By continuing to be socially responsible and by continuing to promote tolerance, openness and acceptance of others and by rejecting any cause that encourages confessionalism, which other stations continue to hammer in their news coverage. We see this day in, day out, especially during elections, which helped wipe out the achievements of the March 14 movement by their coverage. So tolerance, acceptance and liberal thinking were key. We [prioritized] this when he was alive and we continue to do this after his death. I believe Sheikh Saad and everyone within the Hariri political movement is committed to this.
E So not him but his values?
This is how you pay tribute to someone’s legacy. E You are poacher turned gamekeeper. Coming into this position with experience in media buying on behalf of advertisers, do you see the media industry, and the TV industry in particular, as mature partners to advertisers in terms of the transparency of the dissemination of data and information?

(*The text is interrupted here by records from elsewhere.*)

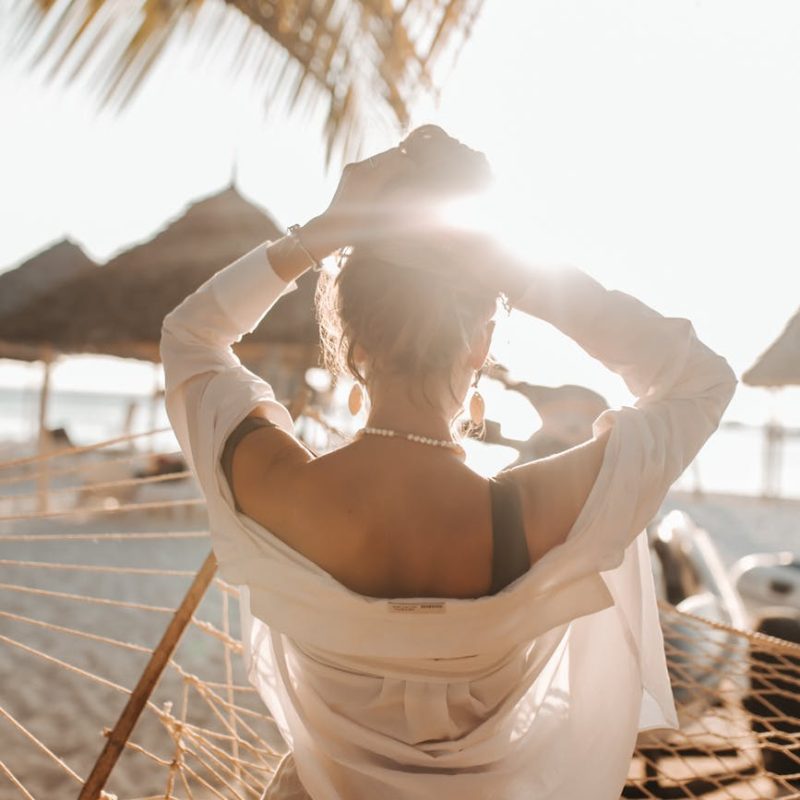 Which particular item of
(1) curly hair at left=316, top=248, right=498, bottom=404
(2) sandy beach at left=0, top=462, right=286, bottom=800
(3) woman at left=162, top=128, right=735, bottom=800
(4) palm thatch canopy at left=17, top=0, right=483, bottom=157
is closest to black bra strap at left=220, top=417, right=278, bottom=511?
(3) woman at left=162, top=128, right=735, bottom=800

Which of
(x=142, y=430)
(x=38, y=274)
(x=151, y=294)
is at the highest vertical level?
(x=151, y=294)

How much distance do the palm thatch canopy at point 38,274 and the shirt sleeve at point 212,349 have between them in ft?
30.3

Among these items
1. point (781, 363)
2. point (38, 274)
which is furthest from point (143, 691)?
point (38, 274)

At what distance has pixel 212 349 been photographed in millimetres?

The biggest challenge, and maybe these are harsh words, but the biggest crime against television stations is the lack of transparent and reliable research data. The TV audience data available in Lebanon is shameful. I will not make any further comment on this because there is currently a court case against the people who have been providing the data for the past seven or eight years but in reality, in the absence of this data, we are all operating in the dark. I think that a certain program is good because my family and my friends like it. As fragmentation increases … did you know there are now over 200 satellite channels in the Arab world – it gets harder. We used to have our own data and fund it. We were not ignorant but every year every agency was put under pressure to skew the data one way or the other and every time you used data that was not in conformity with someone’s demands all hell would break loose.
E So what is being done?
There is a project underway to revamp the TV audience measurement system and another project in the Gulf led by the GCC Association of Advertisers. We believe that advertisers and media owners have no interest in biasing the data in one way or another. Advertisers want to know where they should spend their money and TV owners want to know the real value of their programming in the eyes of the viewers. All the others have a vested interest: the media sales rep will skew the data to where his financial commitment is higher with no consideration to the media owner or the advertiser. We are happy the advertisers have established their own association and we are fully supportive, knowing they will work in their best interests. Research should move away from the media sales reps, because they have no interest in getting transparent data.
E Between advertiser interests, the political legacy of FTV, and the overall political and social operating environment for Arab TV stations, what is your vision for a mature FTV network – journalistically, entertainment-wise, and commercially?
Look, 60% of the Arab world is under 30. These people are disoriented by the violent times and often conservative times in which they live. I want to reach out to the Arab youth. I want to offer them entertainment and responsible broadcasting.
E You yourself are young. Is that a handicap?
[Laughs] I am 39. Is that young? If so maybe, it is part of this station’s strategy to reach out to the youth. It has not been an issue. It has in fact been a plus.